= Your instructions =
Your answer must be an exact copy of the data, without any pictures.

= Study material =
..............................
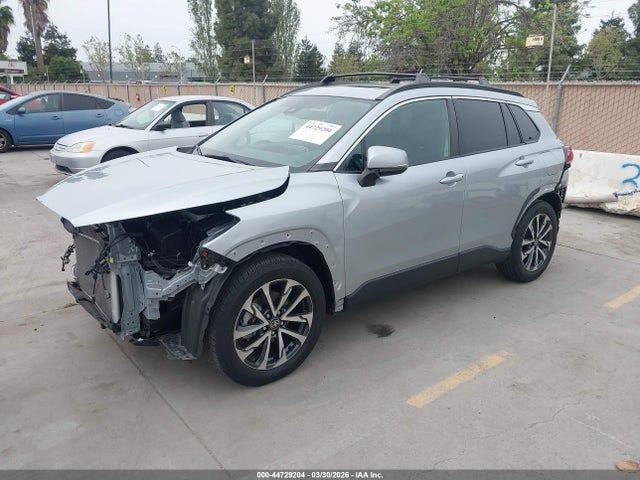 Toyota Corolla Cross Xle 2022 7MUDAABG5NV033925 Image 2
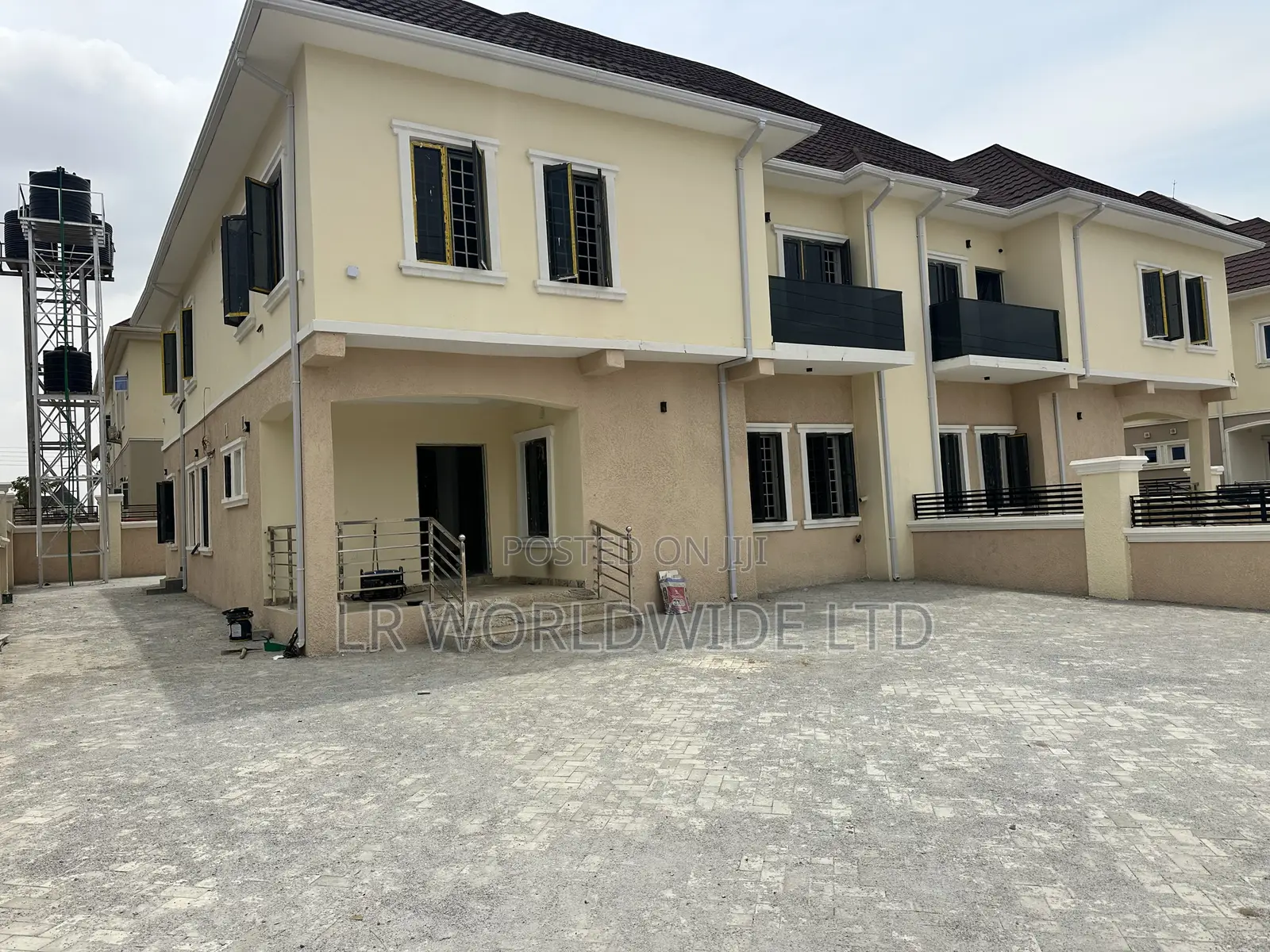 5bdrm Duplex in Riverpark, Lugbe District for sale in Lugbe District
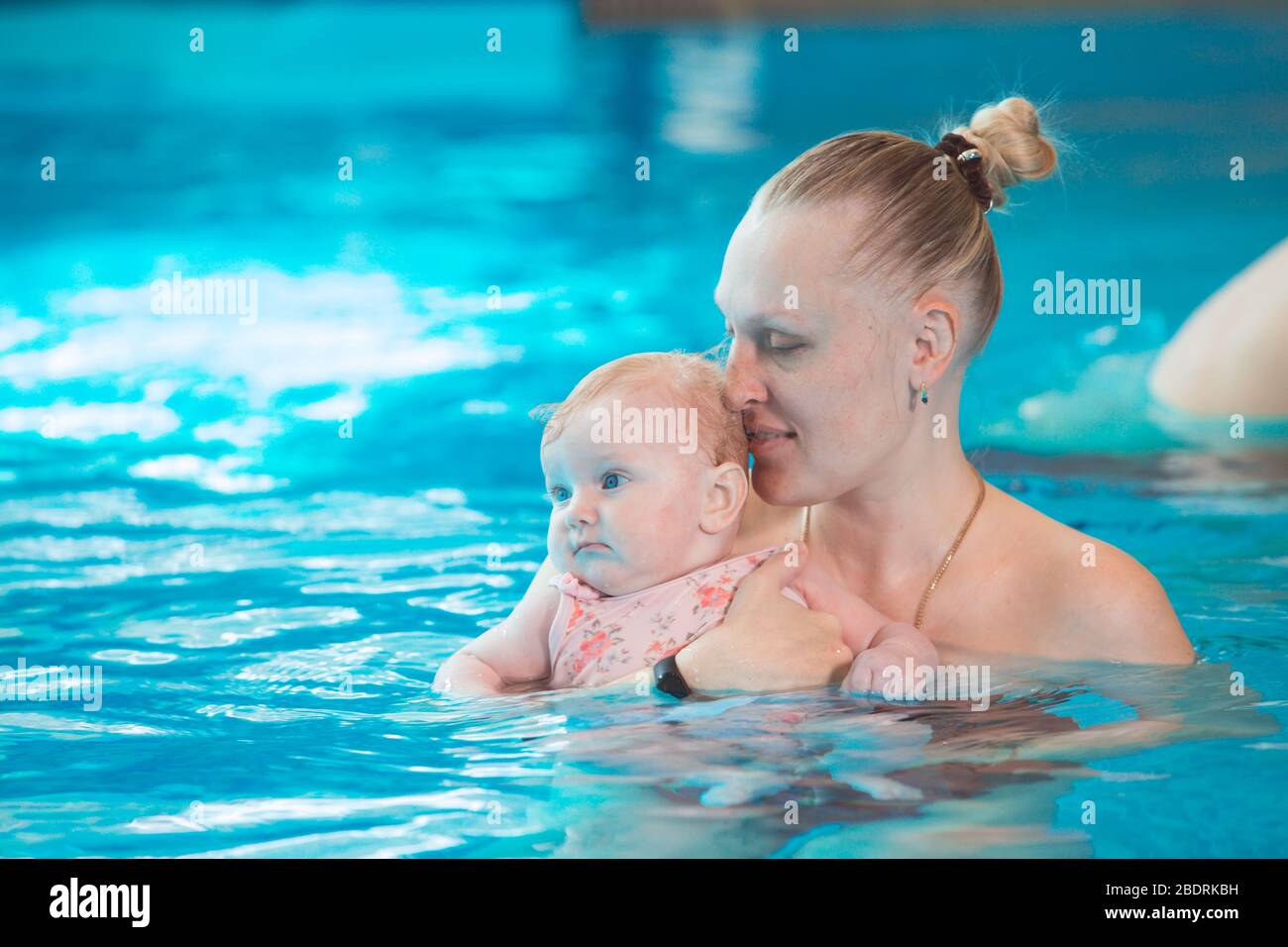 Belegung im Kinderbecken mit einem Schwimmtrainer Stockfoto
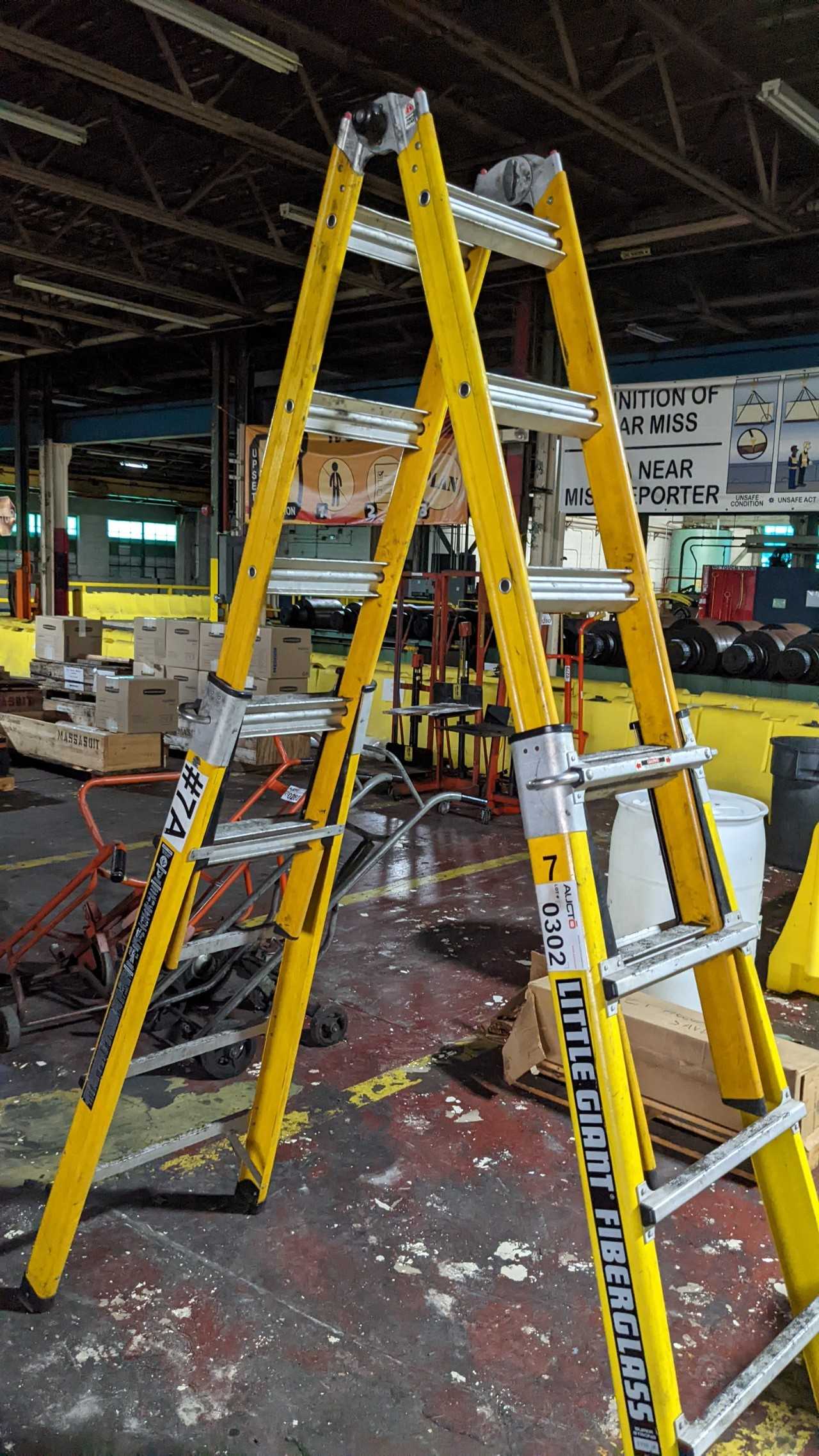 Little giant fibreglass super strong type IA height adjustable ladder - MATERIAL HANDLING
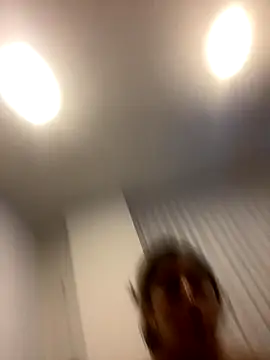 Snapshot of girl_anni chatting on 11/09/25, 11:47 girl anni online show from 11/09/25, 11:47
..............................
= Output for this task =
 Toyota Corolla Cross Xle 2022 7MUDAABG5NV033925 Image 2
 5bdrm Duplex in Riverpark, Lugbe District for sale in Lugbe District
 Belegung im Kinderbecken mit einem Schwimmtrainer Stockfoto
 Little giant fibreglass super strong type IA height adjustable ladder - MATERIAL HANDLING
 Snapshot of girl_anni chatting on 11/09/25, 11:47 girl anni online show from 11/09/25, 11:47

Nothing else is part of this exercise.